Exercise 2: load an R module
Note
Learning objectives
load the module to be able to run R
For this course, we recommend these versions of R:
HPC center |
R version |
---|---|
HPC2N |
4.1.2 |
LUNARC |
4.2.1 |
UPPMAX |
4.1.1 |
Load the module for the R version recommended to use in this course.
Answer HPC2N
module load GCC/11.2.0 OpenMPI/4.1.1 R/4.1.2
Answer LUNARC
module load GCC/11.3.0 OpenMPI/4.1.4 R/4.2.1
Answer UPPMAX
module load R/4.1.1
Exercise 3: use the R interpreter
Note
Learning objectives
run the R interpreter
run the R command to get the list of installed R packages
Here we:
start the R interpreter
find out which packages are already installed
load an R package
Exercise 3.1: start the R interpreter
Start the R interpreter.
Answer
R
Exercise 3.2: check which packages are installed
From within the R interpreter, check which packages are installed.
Answer
installed.packages()
Exercise 3.3: load a package
From within the R interpreter, load the parallel
package.
Answer
library(parallel)
Exercise 4: run an R script
Note
Learning objectives
run an R script from the command-line
In this exercise, we will run an example script.
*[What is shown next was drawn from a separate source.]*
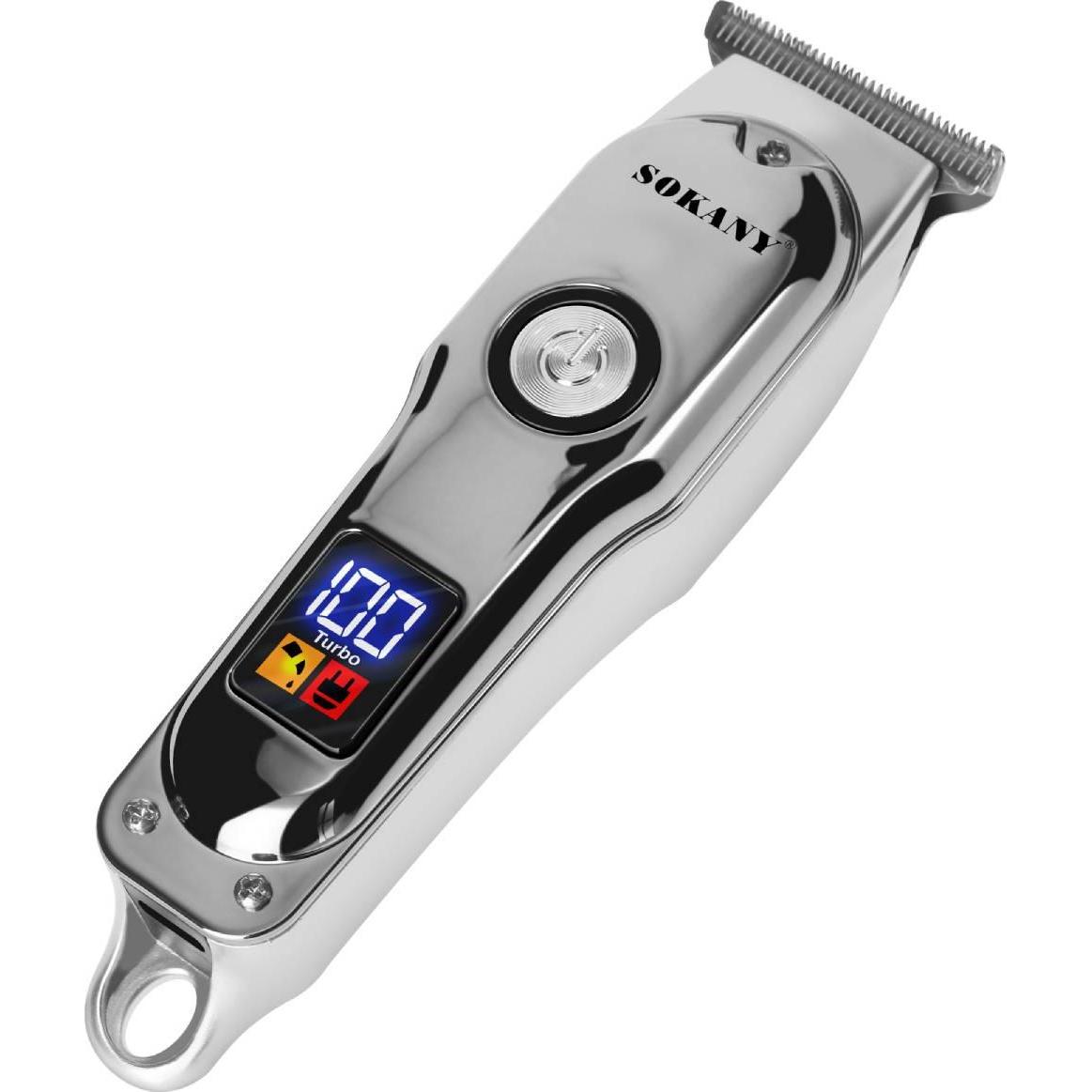 Sokany, Trimmer + Haarschneider, PEM-SK9988-SL Elektrischer Rasierer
Exercise 4.1: get an R script
Get the R script hello.R by downloading it from the terminal:
wget https://raw.githubusercontent.com/UPPMAX/R-python-julia-HPC/main/exercises/r/hello.R
Exercise 4.2: run
Run the R script called hello.R
, using Rscript
.
Answer HPC2N
Rscript hello.R
This will look similar to:
b-an01 [~]$ Rscript hello.R
[1] "Hello World!"
b-an01 [~]$
Answer LUNARC
Rscript hello.R
This will look similar to:
[bbrydsoe@rackham2 bbrydsoe]$ Rscript hello.R
[1] "Hello World!"
[bbrydsoe@rackham2 bbrydsoe]$
Answer UPPMAX
Rscript hello.R
This will look similar to:
[bbrydsoe@rackham2 bbrydsoe]$ Rscript hello.R
[1] "Hello World!"
[bbrydsoe@rackham2 bbrydsoe]$
Exercise 5: download and extract the tarbal with exercises
See here how to download and extract the tarbal with exercises.
Conclusions
Keypoints
One needs to:
first find a module to run R
load one or more modules to run R.
if one cares about reproducibility, use explicit versions of modules
start the R interpreter with
R
run R scripts scripts with
Rscript
However:
as we work on a login node, we can only do lightweight things
we can only use the R packages installed with the R module
we do not work in an isolated environment
These will be discussed in other sessions.